Pretty Smart è una serie presente su Netflix dall’8 ottobre ed è, come avrete intuito, una comedy multicamera, di quelle ultratradizionali, con le risate sotto a sostenere le battute. La storia, brevemente: Chelsea (Emily Osment) sta scrivendo il suo primo romanzo, in attesa di piazzarlo divide un appartamento con sua sorella Claire (Olivia Macklin) e altri tre coinquilini. Piccolo dettaglio: Chelsea è sveglia e problematica, gli altri personaggi sono sostanzialmente degli idioti e per questo molto più sereni di lei, per quella legge del “se ti fai poche domande, avrai tutte le risposte” che cantavano gli Ex-Otago qualche anno fa in un brano che definire generazionale è poco. Così c’è l’avvocatessa che ha mollato tutto per diventare curatrice; il personal trainer che ha solo bellezza e forza fisica, ma nemmeno un briciolo di cervello; il wannabe influencer che non vive senza Instagram.
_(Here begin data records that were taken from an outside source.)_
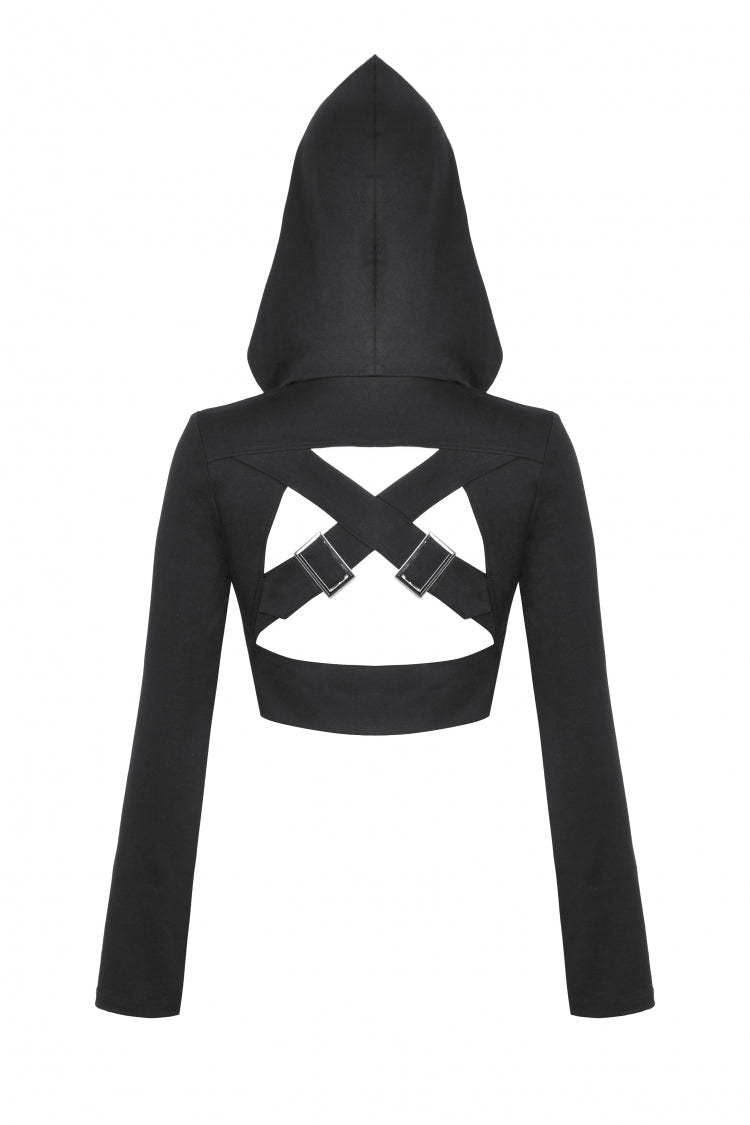 Black Long Sleeves Cut-Out Buckled Women's Punk Shrug with Hood - Product - 14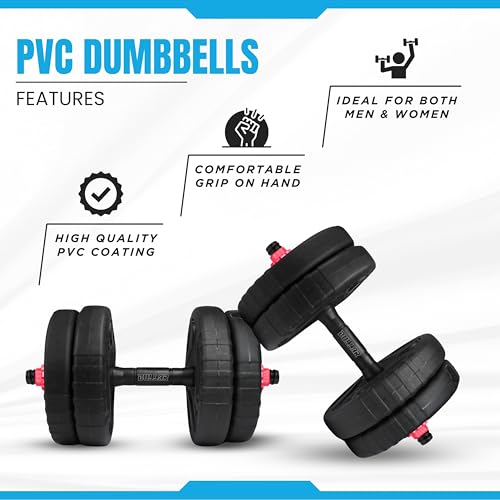 BULLAR Premium Adjustable Dumbbells Set 8 Kg to 30 Kg with Pair of Dumbbell Rods and PVC Weight Plates with Connector Rod (8Kg Combo with Connector Rod) - Image 3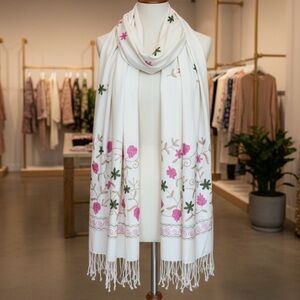 Handcrafted Kashmiri Aari Embroidery Shawl Cream Floral Crewel Viscose Wrap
Cosa succede? Succede che i mondi vanno in collisione, sembrano inconciliabili ma oh, alla fine siamo pur sempre in una sitcom, quindi abbracci e via così. Pretty Smart è una serie classicissima, a cominciare dall’impianto per cui l’arrivo dell’elemento esterno fa saltare equilibri consolidati. L’aspetto più interessante è che normalmente l’elemento esterno è quello bizzarro, mentre in questo caso sono tutti strambi e la nuova arrivata è quella più quadrata. O pallosa, perché tra tre cretini e una che legge Proust al bar, beh è una bella lotta. Fine delle parti interessanti, perché la caratterizzazione dei personaggi è tutt’altro che originale e lungo il primo episodio non c’è mai un momento che faccia ridere. Sembra che tutto arrivi da un’altra epoca, con la pausa chirurgica tra una battuta e l’altra per accogliere la risata, che puntualmente ammazza il flusso del dialogo.
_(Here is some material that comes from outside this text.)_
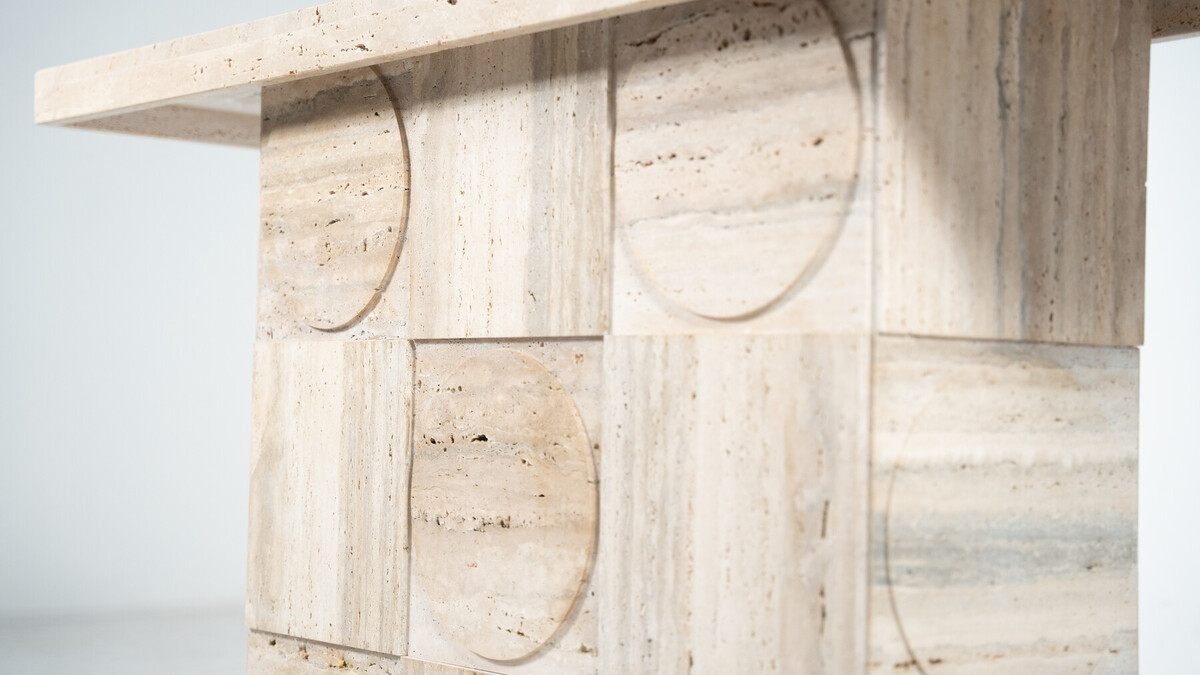 Contemporary Travertine Console, Italy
Al di là di questo, però, l’aspetto più interessante della faccenda è che quest’anno la sitcom multicamera è stata sfruttata come mezzo linguistico per esprimere un sentimento di alienazione: nella percezione comune, è qualcosa che viene avvertito talmente lontano da noi, da poter essere usato per descrivere situazioni aliene. Il riferimento è a Wandavision e Kevin Can F*** Himself, in cui la messa in scena di una sitcom è una sorta di schermo a dolori e mancate prese di coscienza. Poi arriva Pretty Smart e, sulla scia di Call Me Kat e Call Your Mother, arriva nel 2021 con il suo essere del tutto fuori dal tempo, senza alcuna volontà di riflettere sulla propria forma e addirittura sperando di intercettare un pubblico mediamente giovane. Niente, a questo punto meglio le tisane allo zenzero del Castelli.